Angry shouts could be heard everywhere.

“Illegal photography, the Nth Room, and now deepfake sexual exploitation. What has our government done?” the crowd chanted. “How long will men continue to see women as tools for sexual gratification!? Our lives are not your pornography!”

The women who addressed the audience said they feared becoming victims of deepfake sex crimes at any time.

“I have to be careful when I do group projects with male students because there could be a perpetrator among them. Professors, security guards, all the men on campus are people you have to watch out for,” said one student.

“Yet our school’s online forum, Everytime, is full of comments like ‘The feminists are out of control again’ or ‘Stop fueling gender conflict.’ Is conspiring to prevent further victimization and death of women fueling gender conflict?”

Teenage and younger girls also said they live in fear. This is because deepfake crimes have effectively become a form of everyday play or joke in many schools, which fail to educate their students about the seriousness of such crimes or to properly punish perpetrators.

“I was even afraid to come here and speak in front of you, but I realized that nothing will change if I just stay in my anger and sadness,” shared a 17-year-old woman in her sophomore year of high school.

“It is the children in the provinces who suffer the most,” said Jeong Jae-heun, secretary-general of the Gyeongnam Women’s Association.

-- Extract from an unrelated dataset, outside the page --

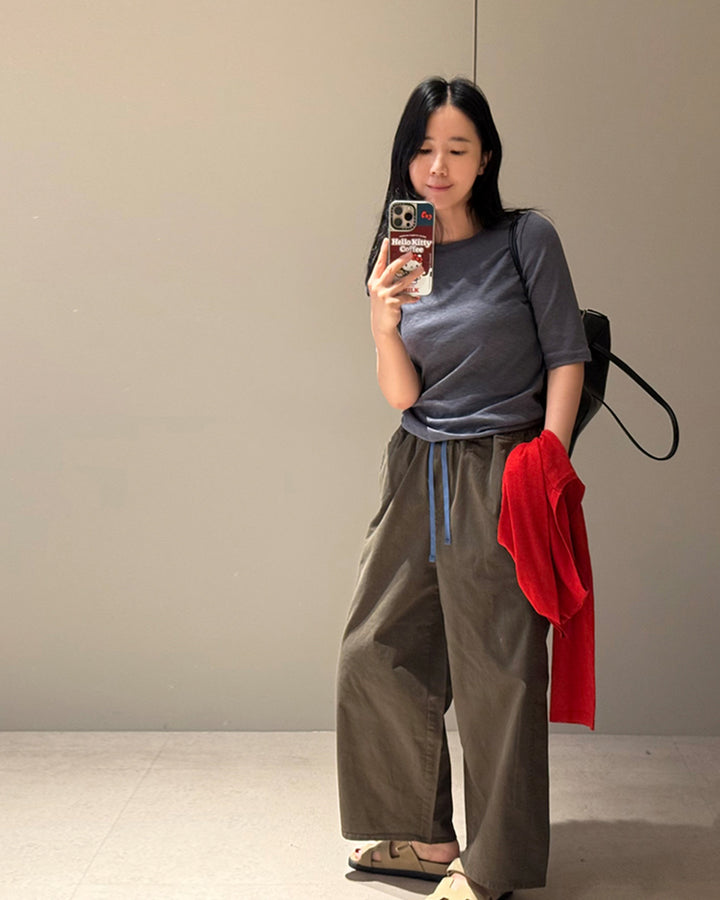 Contrast Stitch Easy Pants
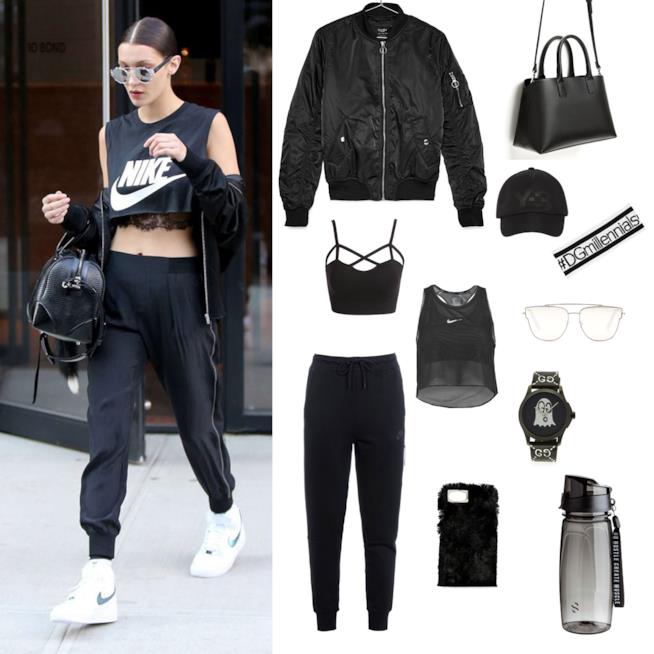 Look da palestra come Bella Hadid Abbigliamento palestra come Bella Hadid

“Due to the drastic reduction in local school populations, many local schools group children from different grades together, or many regions have only one school for the higher grades. This means that victims can be trapped in the same environment with their perpetrators for up to six years. Yet, schools take no measures to separate victims from their perpetrators,” Jeong said.

“Schools must acknowledge their educational failures and swiftly punish perpetrators,” she continued.

On September 11, police authorities announced that 80% of the perpetrators they arrested for deepfake sex crimes were teenagers or minors.

The people who gathered on the streets claimed that deepfake sex crimes were not new, but merely one aspect of Korea’s history of sex crimes that have arisen due to developments in digital technologies. They blamed the state, which they said had essentially stood by and done nothing.

“By saying ‘boys will be boys,’ our society is complicit in deepfake crimes,” said ReSET, a team of activists that has collected evidence of digital sex crimes and worked with law enforcement to apprehend perpetrators. “Deepfake crimes are just the latest entry in a long history of digital sex crimes. What we should be focusing on is how the exploitation of women by men has evolved alongside developments in digital technologies.”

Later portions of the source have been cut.